Any lobbying activities conducted by these organizations, most 
notable organizations, are done with private dollars. 
Certainly, this would be restricted as lobbying activities with 
private funds which as I am sure my colleagues on the other 
side of the aisle would agree with in the way of yesterday's 
Supreme Court ruling could raise significant free-speech 
concerns, and I think those free-speech concerns are essential 
here for these organizations using private dollars.

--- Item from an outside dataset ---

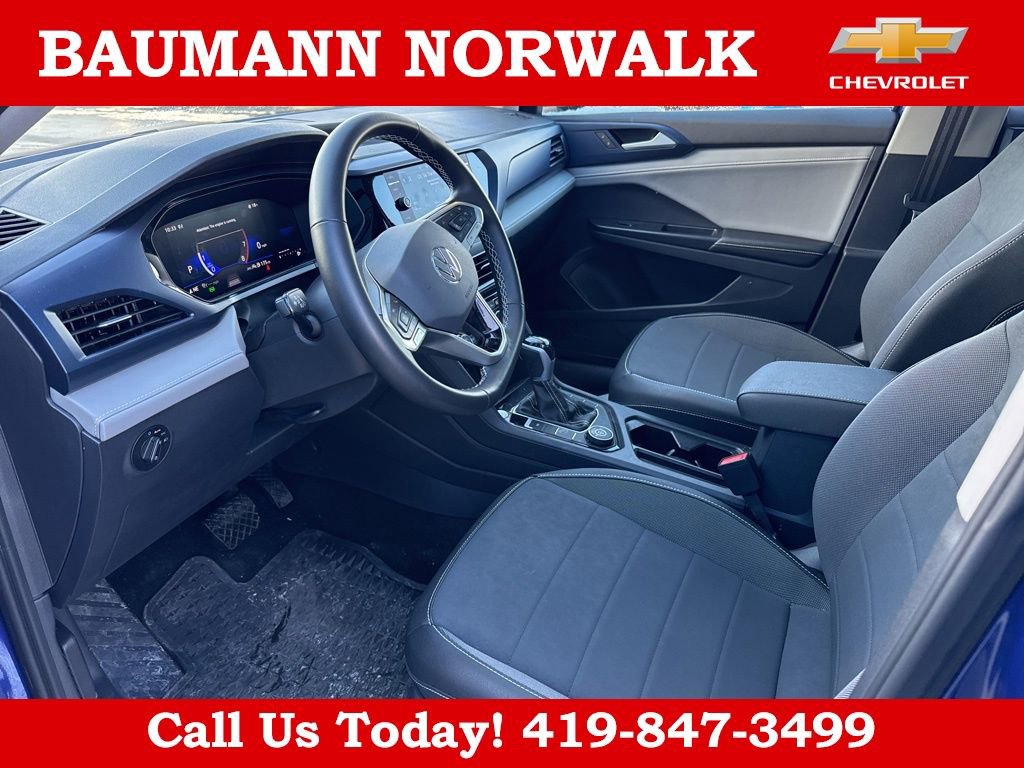 Used 2024 Volkswagen Taos SE w/ Panoramic Sunroof Package image 2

    With that being said, I thank you again, Mr. Chair, for the 
opportunity. This issue is near and dear to my heart. I served 
in the New York State Assembly before coming to Congress. One 
of my proudest achievements in 25 years of service in that body 
was Timothy's Law. I was the prime sponsor of mental health 
parity in New York. I have the utmost respect for the mental 
health community and for those who advocate. Their resilience, 
their determination is stellar, and I recognize that, and I 
recognize the work done by the Oversight and Investigations 
Subcommittee to examine issues surrounding mental health.

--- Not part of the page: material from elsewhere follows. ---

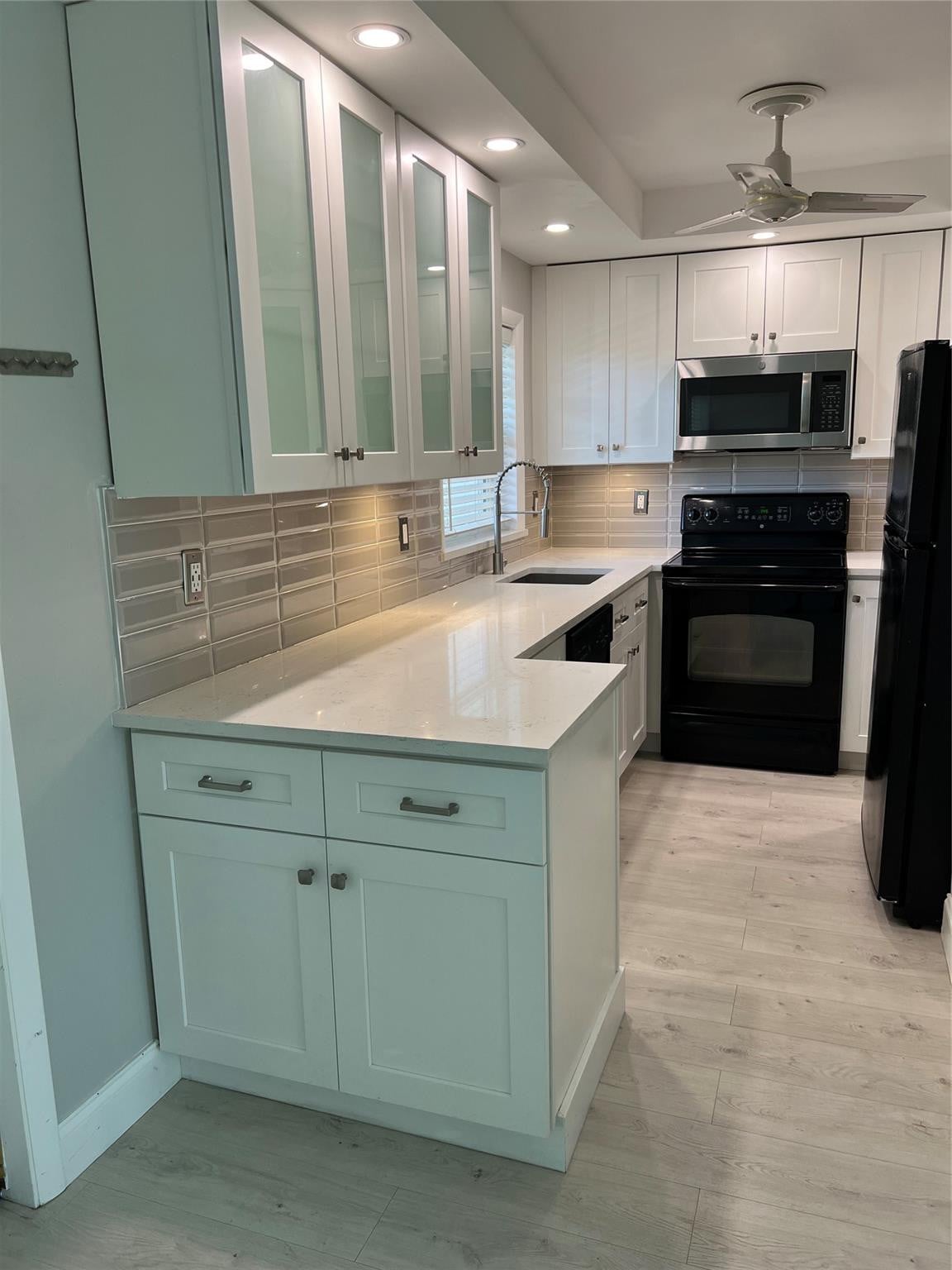 1BR – Condominium at 4143 N Ocean Boulevard #308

    While there are many aspects of this bill with which I 
strongly disagree in its current form, I think that the intent 
is right on and it is in the right place, and I hope that we 
can continue to have bipartisan discussions to improve the 
bill. Those struggling with mental illnesses deserve nothing 
less.
    So Mr. Shern, in your testimony you speak to the fact that 
our treatment systems should be welcoming rather than 
frightening. I couldn't agree more. And I think everyone in 
this room recognizes that voluntary community-based treatment 
is always preferable and leads to better outcomes in the long 
run.
    One of the more difficult questions we are weighing as a 
panel is what circumstances more coercive forms of treatment, 
whether this is assisted outpatient treatment or inpatient 
hospitalization might be necessary. In your opinion, when is it 
appropriate, if ever, to resort to these more coercive forms of 
treatment when dealing with an individual with serious mental 
illness?
    Mr. Shern. Well, I think, in situations in which a person 
doesn't have the capacity to make the decisions necessary to 
preserve their safety or is a threat to another person, which 
is the standard sort of commitment that laws that exist across 
the country. At that point in time we have provisions for 
involuntarily treating individuals. When we implemented our New 
York City program, our Manhattan program for people who had 
severe mental illnesses and were living on the streets of New 
York, I personally witnessed people literally running from our 
program because of--literally running, jumping onto the Staten 
Island Ferry by slipping under the door right before the ferry 
took off rather than be engaged by our program. So I personally 
have experienced people running from care because of coercive 
interventions.
    Mr. Tonko. And Mr. Shern, does the evidence show that 
assisted outpatient treatment programs are more effective than 
similarly resourced assertive community treatment programs?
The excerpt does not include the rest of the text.